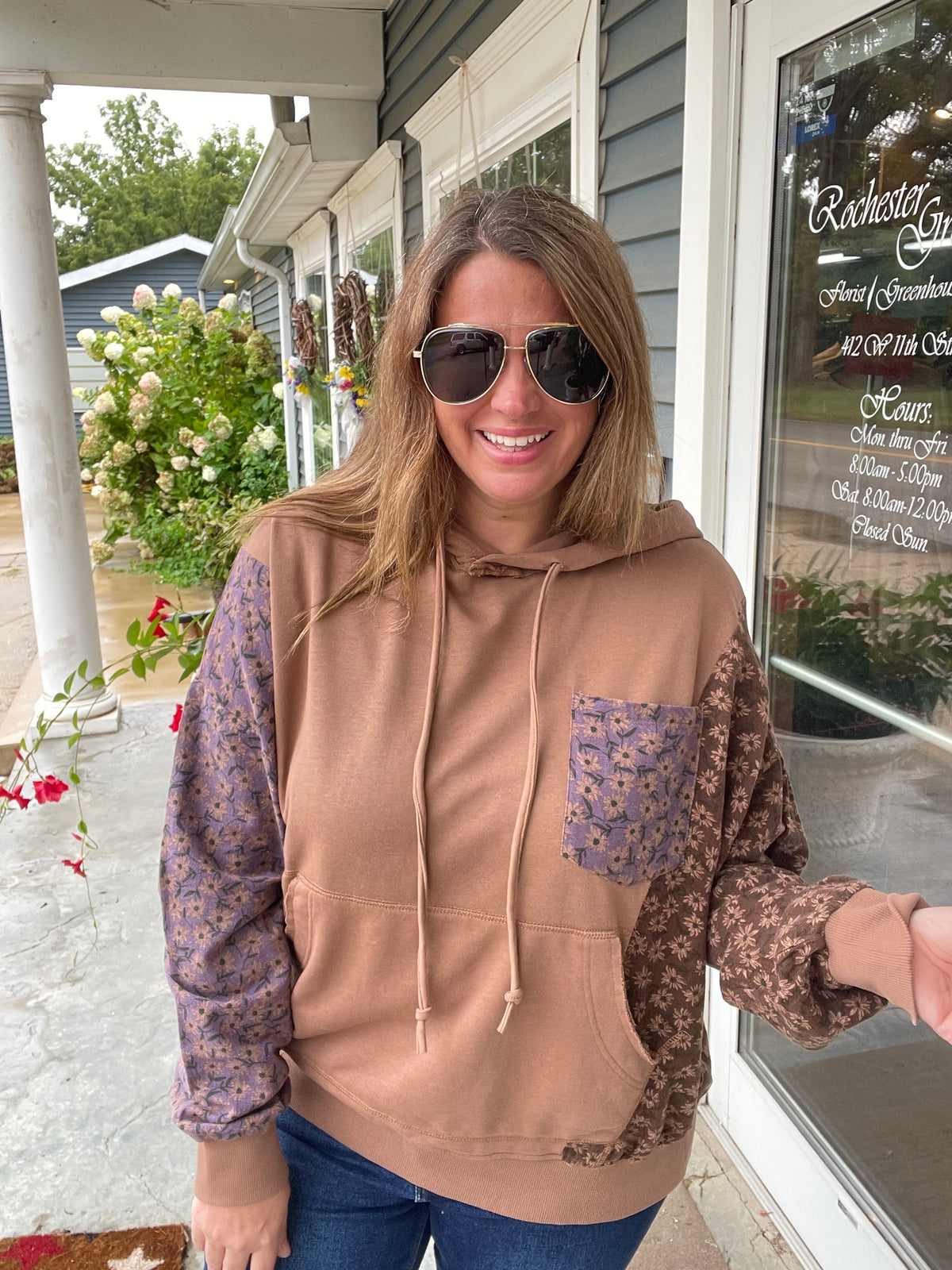 Mocha Floral Colorblock Oversized French Terry Hoodie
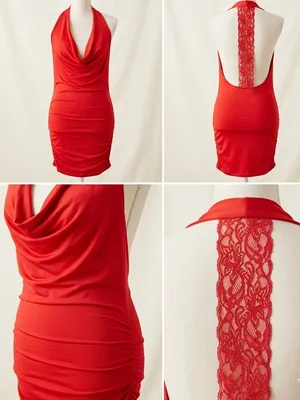 Red Halter Cowl-Neck Backless Lace-Strip Dress thumbnail 2
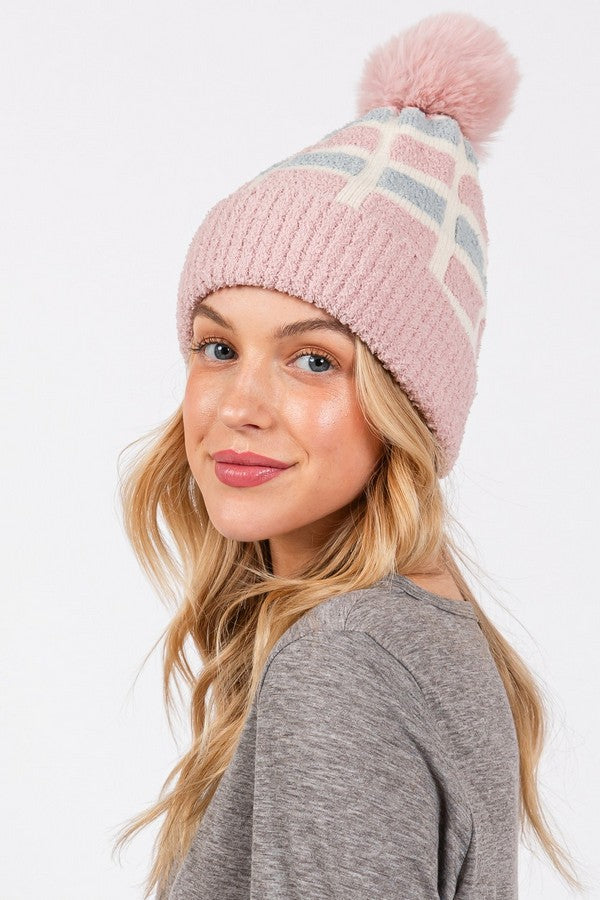 Pack of 6 Cozy Pink 4810 Color - Blocked Pom POM Beanies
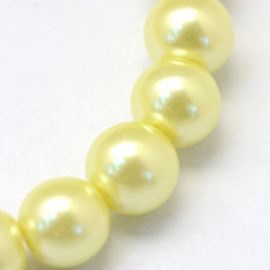 glasparel 8mm licht geel (kleurnr 64), 25 stuks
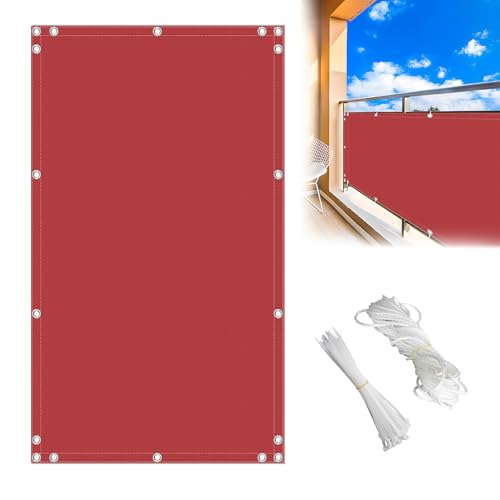 MEEYI Balkon Sichtschutz Meterware 0.75x12m, Garten Segel Wasserabweisend Sichtschutz Zaun Multifunktions für TerrassenüBerdachung, Rot von MEEYI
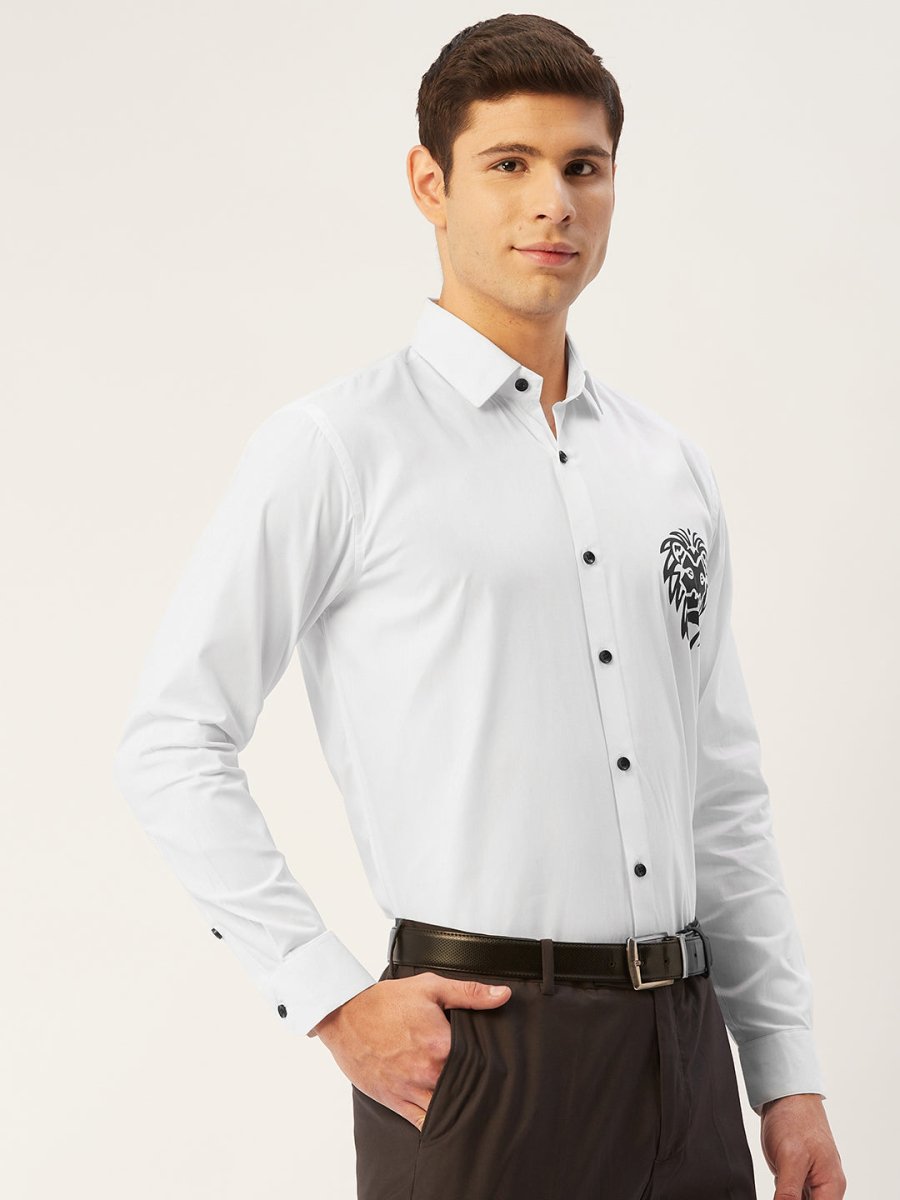 Indian Needle Men's Cotton Printed Formal Shirts - SF_806White_S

◆ **WHAT TO DO**:
Transcribe exactly, and only, the lines from the one with "Red Halter Cowl-Neck" through the final line of the data above. The pictures stay out.

◆ **SOLUTION TO THE PROBLEM**:
 Red Halter Cowl-Neck Backless Lace-Strip Dress thumbnail 2
 Pack of 6 Cozy Pink 4810 Color - Blocked Pom POM Beanies
 glasparel 8mm licht geel (kleurnr 64), 25 stuks
 MEEYI Balkon Sichtschutz Meterware 0.75x12m, Garten Segel Wasserabweisend Sichtschutz Zaun Multifunktions für TerrassenüBerdachung, Rot von MEEYI
 Indian Needle Men's Cotton Printed Formal Shirts - SF_806White_S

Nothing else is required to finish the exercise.